How do you decide if a boat is suitable for offshore work when considering just the structure? Up until very recently boats were designed by using scantling tables. Those tables all used in one way or another the displacement of the boat for the design of the table. In other words a heavy displacement 30 foot 15,000 pound boat had the same size deck beam as a light displacement racing boat that was 45 feet long and also weighed 15,000 pounds. It’s easy to see which boat was stronger. Just like scantling rules I suggest that when comparing similar design boats the trick is to look at the displacement length ration, D/L = (Disp/2240)/(0.01*LWL)3. The higher number represents the stronger boat all other things being equal. Look at the Cal 40 and the Beneteau 393 as one example. Both are 39.3 feet in length and the Cal 40 has a displacement length ratio of 249 and the Beneteau is only 191. I think you need to select a style of boat that you are comfortable with and use the D/L ratio as a helpful indication of relative strength. Remember I said indication of relative strength and you still need to look at the details.

Quote:

Originally Posted by **Cruisingdad**

Interesting definition... but what is the normal service design?? Or is that the million dollar question!! (smile).

That is a good question but I don’t think any practicing small craft designers are consulting with the insurance companies when it comes to design.

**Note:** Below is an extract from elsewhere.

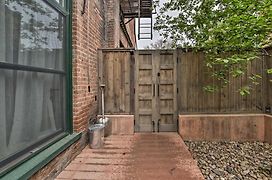 Walk To Arkansas River Historic Palace Loft!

If you use a scantling table for hull design is there even a factor of safety to discuss? Not really because you don’t know the strain or the strength of the structure. In the last few years a lot of work was done and some numbers for load have been developed but even with modern FEA (finite element analyses) software designing by the numbers is still iffy as evidenced by the recent problems with keels dropping off one well know brand. The ISO method of hull design for local loads, popular in Europe because of legal requirements, is to assume a hydrostatic load from water a prescribed distance above the weather deck. But this is just for local loads and ignores global loads such as from the rig and bending moment from waves and is still just a crude estimate and only a step away from scantling tables. The ISO rule also ignores the hydrodynamic load. It is possible to calculate the required section modules of the hull the same way it’s done for ship design but the answer is not as useful as in ship design because the real load at sea is too hard to put a number to.

Principles of Yacht Design by Larsson and Eliasson has a great chapter about hull design by the numbers and if you have an interest and are mathematically inclined it’s worth a read. If you want to look at the strength of the hull in a more user friendly way then Dave Gerr’s book, Boat Strength is great and his scantling table is based on more then just the displacement of the boat. It uses a scantling number derived from length, beam, depth and displacement.

All the best,

Robert Gainer